Token generation (decode): The model writes its response, one token at a time. This is the “thinking and typing” phase. Each new token depends on everything that came before, so it can only produce one at a time.
The generation speed (23 tok/s) is what you see as the response streams in. The prompt evaluation (20 tok/s) happens silently before any text appears. It’s the “thinking pause” before the model starts responding.
The KV Cache: Bookmarks for the Model
When the model reads your input during prompt evaluation, it computes something called the KV cache (Key-Value cache). Think of these as bookmarks. They capture what the model “understood” about each part of the text, so it doesn’t have to re-read everything for every single token it generates.
Without the KV cache, generating a 500-token response would require re-reading the entire input 500 times. With it, the model reads once and then references its bookmarks.
The catch: the KV cache takes memory, and it grows with the length of the conversation. A 16K token context needs significantly less KV cache memory than a 32K token context.

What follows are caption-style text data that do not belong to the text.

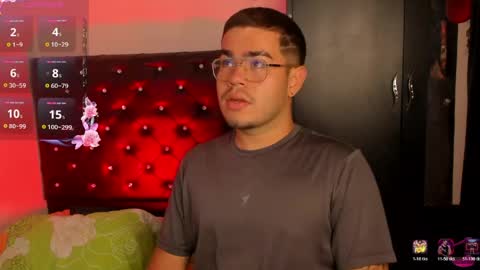 Snapshot of joseph__12 chatting on April 2026 12:45:02 AM Joseph online show from April 2026 12:45:02 AM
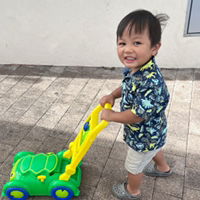 Mellow Serafica profile icon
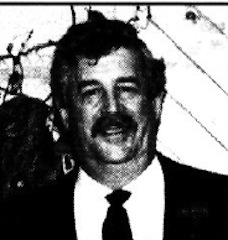 Photo of Gilles Levesque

Context Window: The Model’s Reading Capacity
The context window is how much total text the model can consider at once (input and output combined). It’s like the size of the desk the model is working at. Bigger desk means more documents can be open at once, but it also means more memory used.
My model’s native context length is 262K tokens, but Ollama was configured with a 16K context window (num_ctx: 16384). That’s the actual working size.
Flash Attention: Speed-Reading
Flash Attention is an optimization for how the model processes attention (the mechanism that relates different parts of the text to each other). Standard attention requires memory proportional to the square of the sequence length. Flash Attention brings that down to linear by processing the attention in small tiles rather than all at once.
Think of it as the difference between spreading out every page of a book on the floor to compare them all simultaneously (standard attention) versus reading through the book chapter by chapter, keeping only the current chapter in front of you (Flash Attention).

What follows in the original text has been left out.